Thanks for your reply. It is flat now that I have aluminum channel bars clamped on their edges to the top. If I wet the underside (concave side), would that help or am I still most likely going to need steel angle bars attached to the bottom/perimeter?


----------



## Steve Neul (Sep 2, 2011)

William H said:


> Thanks for your reply. It is flat now that I have aluminum channel bars clamped on their edges to the top. If I wet the underside (concave side), would that help or am I still most likely going to need steel angle bars attached to the bottom/perimeter?

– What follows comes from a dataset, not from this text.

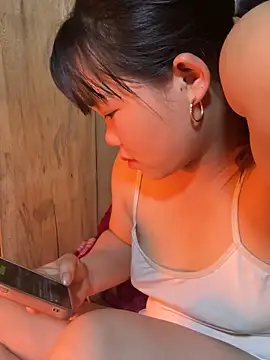 love_pusy09's cam snapshot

Right now the wood is under pressure and the aluminum is forcing it flat. It wouldn't hurt to wet the underside to lessen the pressure. When that dries it would probably be helpful to seal both sides with some kind of finish to stabilize it.


----------



## William H (Jun 22, 2020)

Steve Neul said:


> Right now the wood is under pressure and the aluminum is forcing it flat. It wouldn't hurt to wet the underside to lessen the pressure. When that dries it would probably be helpful to seal both sides with some kind of finish to stabilize it.


Thanks, I will do that.


----------



## David Nickell (Jul 6, 2020)

A third generation carpenter, the best I have ever known, once told me that anybody could build, but your skill as a carpenter/woodworker was in how you overcome mistakes.


----------